Nostalgic baseball-lovers of the world, who wax poetic about the game as though Eden must have been the first ballpark, usually neglect to mention the Siberian conditions under which the season begins above the Mason-Dixon line. The Steelers probably played at least half their games under warmer conditions than will be the case when the Pirates and Cardinals take the field at PNC Park this afternoon.
Evidently, the Pirates are not learning the freezing-fan-friendly marketing techniques of their top minor league club, the Indianapolis Indians. The Indians told fans in advance of last Thursday's home opener that if the game-time temperature failed to reach 60 degrees, everyone present would get free tickets for an additional game in April. The franchise's warm-weather "guarantee" missed the mark by a mere 26 degrees. The fans couldn't use their free tickets the next two days, however. Those games were canceled due to cold.

The most sentimental game
When Tom Hanks complained in "A League of Their Own" that there's no crying in baseball, he was forgetting how weepy the fans and players get on opening day.
In Yankee Stadium last week, they should have been giving away free handkerchiefs at the turnstiles. First of all, the Bronx Bombers brought out the widow and 6-year-old son of late Yankees pitcher Cory Lidle to throw out ceremonial first pitches. Lidle, you may recall, died when his small plane flew into a Manhattan skyscraper last year.

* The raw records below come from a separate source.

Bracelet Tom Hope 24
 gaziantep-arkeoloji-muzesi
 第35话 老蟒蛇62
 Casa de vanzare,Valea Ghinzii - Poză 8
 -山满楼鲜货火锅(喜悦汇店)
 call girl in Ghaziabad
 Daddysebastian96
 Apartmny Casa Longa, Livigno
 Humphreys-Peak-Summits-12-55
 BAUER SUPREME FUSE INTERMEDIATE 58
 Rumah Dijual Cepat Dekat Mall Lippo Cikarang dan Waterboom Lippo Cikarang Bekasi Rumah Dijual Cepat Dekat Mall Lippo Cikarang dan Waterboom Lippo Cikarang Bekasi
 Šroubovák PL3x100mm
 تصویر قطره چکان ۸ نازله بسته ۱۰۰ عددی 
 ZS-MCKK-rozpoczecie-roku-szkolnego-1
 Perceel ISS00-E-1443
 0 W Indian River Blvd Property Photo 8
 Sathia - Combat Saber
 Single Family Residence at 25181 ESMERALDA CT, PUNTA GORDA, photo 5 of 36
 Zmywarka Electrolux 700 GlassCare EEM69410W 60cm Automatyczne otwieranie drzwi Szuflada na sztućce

To get everyone additionally choked up, former Yankees all-star Bobby Murcer was subsequently brought out for a hero's welcome, with the twist that he was all shiny bald from cancer treatments and just happy to be alive. In Cincinnati, meanwhile, fans and players alike got lumps in their throats during an ovation for Josh Hamilton, a rookie finally making it to major league baseball after overcoming repeated bouts of drug addiction.
If 37,000 people cry during pre-game ceremonies at PNC Park today, we're guessing the Pirates' arrival home without a losing record is just too emotional.

Uh, if you say so, Saul
"Baseball is an allegorical play about America, a poetic, complex, and subtle play of courage, fear, good luck, mistakes, patience about fate, and sober self-esteem." -- artist/cartoonist Saul Steinberg
Make us a promise
Alan Stein, president of the minor league Lexington Legends in Kentucky, didn't guarantee anything about the weather for the team's home opener Thursday. He simply promised a victory, with the price of failure his willingness to shave his scalp into a pink Mohawk. A past wrongheaded promise forced him to shave his head entirely. This year he was saved by a 4-2 Legends victory.
No word in yet from those zany Nuttings on what they're willing to do to themselves if the Buccos lose today.

He throws like a Mallory
A couple of Purple Heart recipients from the Pennsylvania Air National Guard will be involved in the ceremonial first pitch at the PNC Park opener. If they're smart, they've practiced enough to avoid the public embarrassment of Cincinnati Mayor Mark Mallory.
Performing the honorary ritual at the Reds' opener last Monday, he threw the ball even wilder than most of Steve Blass's pitches in 1973. In a funky, girly motion that would have made a teenage Tatum O'Neal gag, he tossed a dribbler way left of the plate. The 45-year-old mayor has been the subject of televised replays and jokes ever since.
One imagines athletic former football punter Luke Ravenstahl doing a bit better.

Pelosi must be a fan
There will be a lot of liberals on the North Shore today. The most recent nationwide Harris Interactive survey on American adults' favorite sports found only 14 percent count baseball as their preference (29 percent ranked football first). Among liberals, however, 20 percent picked baseball No. 1.
It could be that peacenik leftists like the relatively non-violent nature of the game. George Carlin used to riff quite eloquently on all of the militaristic language in football (bombs, blitzes, shotguns) compared to baseball's gentler terminology (diamonds, free passes, going home).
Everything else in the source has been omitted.